British 4-6-2 steam locomotive

Romney, Hythe and Dymchurch Railway (RH&DR) locomotive No.1 Green Goddess is a 4-6-2 steam locomotive built by Davey Paxman & Co. in 1925 with the works number 15469. It was one of two original locomotives ordered by Captain Howey and Count Louis Zborowski in 1924 and was operational the following year, two years before the railway was completed. The design was based on the LNER A1 class which Flying Scotsman belongs to. Its livery was also based on that of Flying Scotsman. The designing was done by Henry Greenly and the total building cost was £1,250, or around £79,800 in 2021.

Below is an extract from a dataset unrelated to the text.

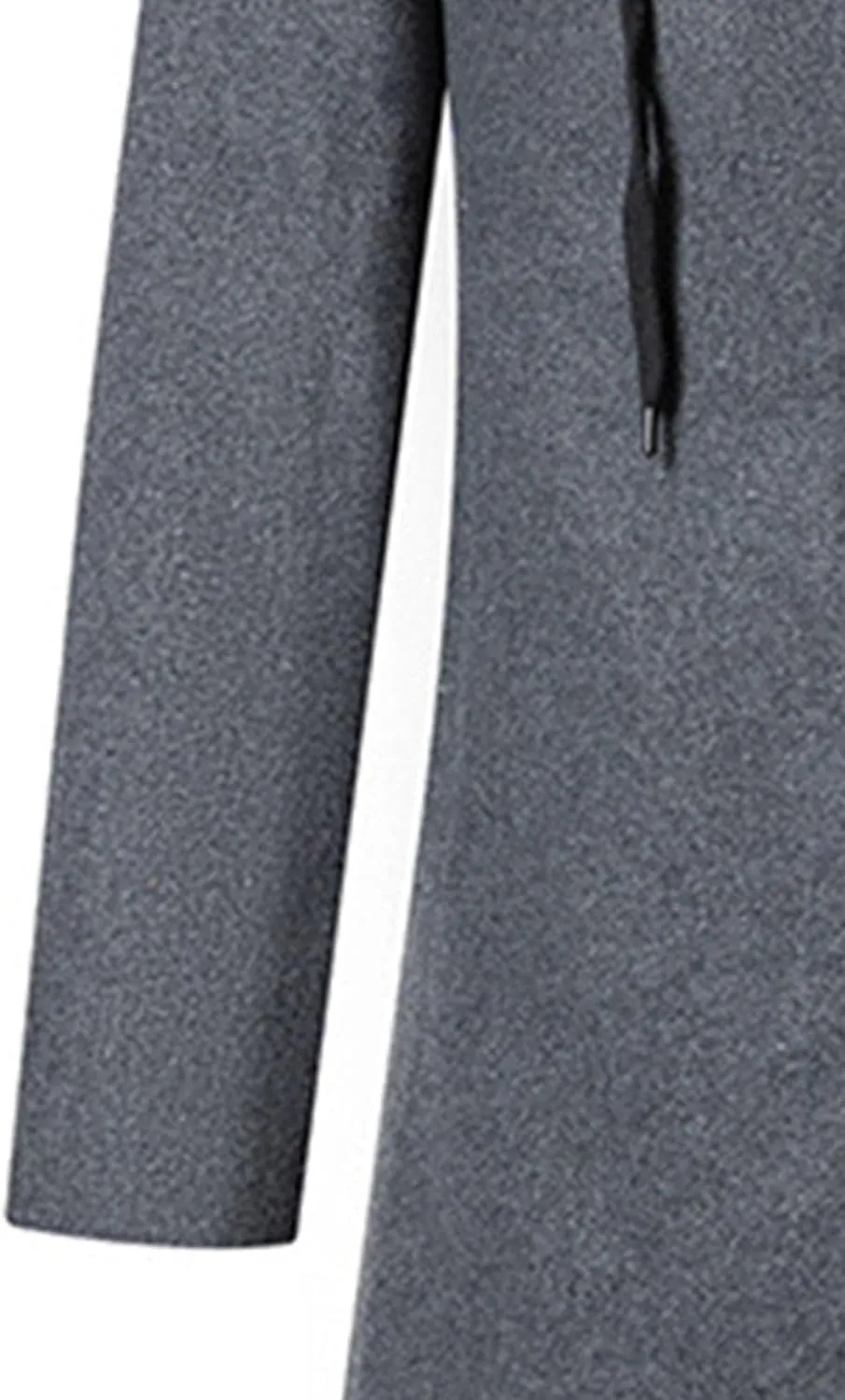 Maiyifu-GJ Men's Removable Hooded Wool Blend Overcoat Winter Single Breasted Trench Coats Casual Warm Classic Pea Jacket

While on trial at the Ravenglass and Eskdale Railway Green Goddess safely reached a top speed of 35 mph. However due to wear on the valve gear and maintenance costs, a regular running speed limit of 25 mph is observed. During the later half of the 2023 running season, a Stanier 'hooter' style whistle was fitted - a gift from a friend of the railway. It currently runs in an Apple Green livery similar to that of the former Great Northern Railway.

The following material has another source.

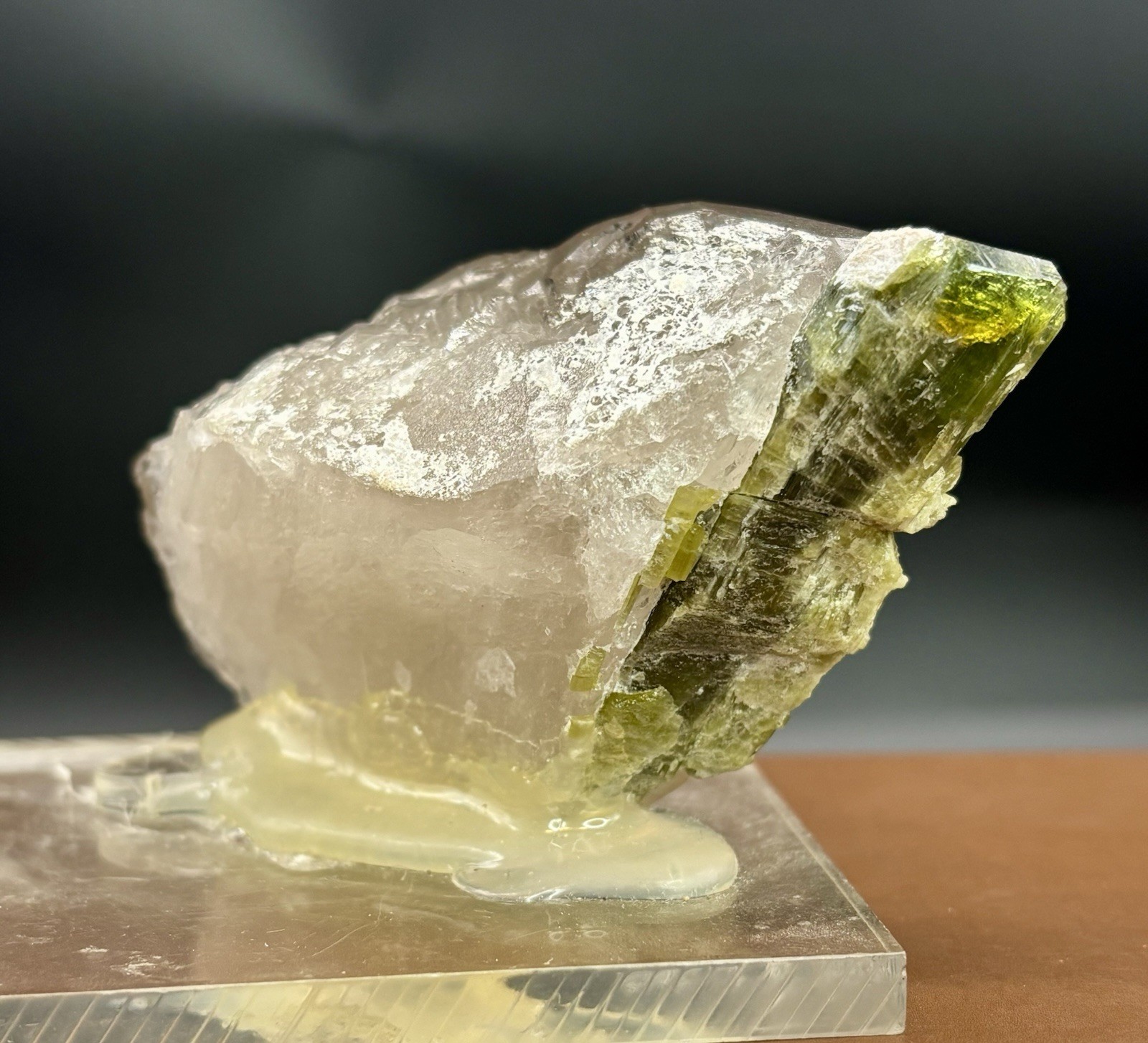 Verdelite Green Tourmaline Crystal Smoky Quartz Mineral Specimen Display Kunar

The engine was stored in the New Romney workshops throughout 2018 for repairs and overhaul. Green Goddess returned to service on 9 June 2019 following a period of repair. Subsequently the locomotive has undertaken regular duties ever since, making regular appearances at the railways Gala's every spring and autumn. During these periods it regularly runs non-stop through main stations, such as New Romney & Dymchurch.